Sono sindaci che hanno fatta propria la superficialità dei media nel parlare di montagna, sindaci che, come quei giovani incontrati, sono sempre più lontani dalla montagna, sindaci incapaci di affrontare con equilibrio le responsabilità che su loro ricadono e cercano le scorciatoie, le ordinanze per poter dormire sonni sereni.

Dello scialpinismo fuorilegge abbiamo parlato con Mauro Giongo, scialpinista e figura ormai storica degli uffici trentini del Soccorso Alpino trentino.

Mauro, non solo non ci lasciano più salire le piste in notturna, ma ora proliferano i divieti della pratica dello scialpinismo in tanti comuni, nel nome della sicurezza. Cosa ne pensi?

"La montagna è anche rischio: in ogni situazione, anche in ambienti che a volte ci possono sembrare facili, quasi banali, ci si avventura verso una possibile incognita. In alta quota, fuori dagli ambiti urbanizzati, ognuno si assume i suoi rischi, quindi la sua parte di responsabilità verso se stesso e verso gli altri. Se rapportiamo il numero di incidenti alla reale frequentazione delle alte quote, gli infortuni, specie mortali, sono proprio pochi. La stampa amplifica ogni disgrazia, sembra non sia in grado di cogliere altri aspetti del vivere in montagna, o forse il lettore insegue queste tragedie e impone di trascurare altri contenuti".

Ma questi divieti hanno un senso?

"Assolutamente no; possono trovare giustificazione in presenza di una nevicata eccezionale, ma dovrebbero rimanere circoscritti nel tempo, due, al massimo tre giorni. La montagna offre straordinarie possibilità di scelta nei percorsi, nella scelta del livello di rischio: per noi alpinisti anche questo aspetto ha il suo fascino: ci permette di valutare le nostre reali conoscenze del territorio, della neve, ci permette di vivere la montagna in ambiti non consoni, non standardizzati.

In montagna non possiamo annullare la fatica, il rischio, l’incognito: se si prosegue in questa direzione si cancella l’esperienza, la montagna stessa".

Quindi dopo i divieti di percorrere le piste di notte per allenamento oggi vi si toglie la libertà di viaggiare nei silenzi, anche di giorno...
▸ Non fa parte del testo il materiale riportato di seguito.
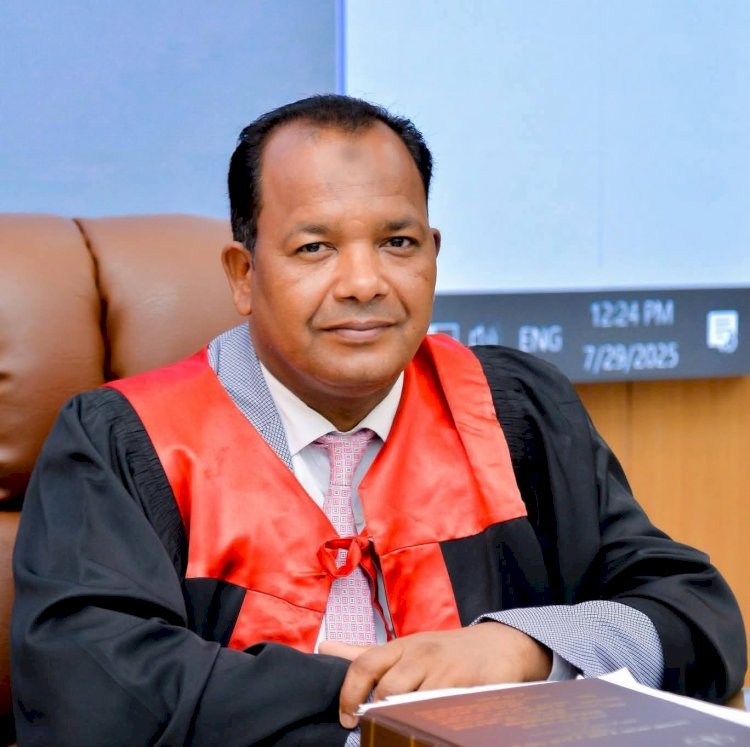 رئيس جامعة أسوان يهنئ الدكتور أيمن عبدالغفار  لتعيينه عميدا لكلية الحقوق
"Certo, da tempo gli amministratori ci stanno limitando in tutte le libertà. Ci strappano anche l’illusione della libertà. Ma forse ci meritiamo tutto questo e ci può anche far bene. Così oggi ci rendiamo tutti conto dei livelli di costrizione e omologazione ai quali siamo costretti a sottostare, più o meno coscientemente. Con questo ultimo passaggio ci tolgono perfino l’ora d’aria".

I divieti di salire le piste di notte hanno un senso: gli autisti dei mezzi battipista non possono correre il rischio di imbattersi in uno sciatore munito di frontalino o sentire una vita che si spezza contro una fune che fa da ancoraggio al gatto delle nevi.

"Ma come? Ci hanno imposto delle piste che sfregiano boschi e versanti, le piste attraversano proprietà pubbliche, eppure gli impiantisti, almeno fino ad ora, non si sono comprati la montagna. Le piste, per come vengono costruite oggi, devastano il versante. Si impone l’innevamento artificiale, troviamo plinti in cemento ovunque. Si livellano dossi e si tolgono perfino i sassi più piccoli. A chi usufruisce degli impianti viene permesso di scendere fuoripista incidendo con le lamine piante giovani, creando disturbo ovunque, su aree sempre più vaste. In questa situazione ci si permette di utilizzare poliziotti e forestali nella caccia agli scialpinisti?

Uno scialpinista notturno in genere si allena, è preparato, i fari ed il rumore dei battipista li coglie a grandi distanze, conosce i rischi. E poi, quella degli ancoraggi è una sciocchezza: vengono usati in rarissime situazioni. Non abbiamo altre possibilità che allenarci e tenerci preparati con le uscite notturne. Certo, per chi vive la sua vita dentro gli standard ed i tempi imposti le nostre scelte possono sembrare perlomeno strane".

A questo punto cosa pensate di fare?

"Non saprei. Spero che la presa di posizione della SAT permetta a questi sindaci troppo solerti delle riflessioni; se si fa qualcosa l’azione deve coinvolgere le centinaia di frequentatori degli spazi liberi delle nostre montagne. Una prima azione dimostrativa, che aveva riscosso grande successo, si era già tenuta nel dicembre 2000 ad Andalo. Forse è necessario riprendere queste azioni di disubbidienza civile.

Certo, oggi ci vorrebbero perfino imporre di non pensare. Chi pensa, chi ancora interagisce con la montagna e i boschi, infastidisce sempre più...".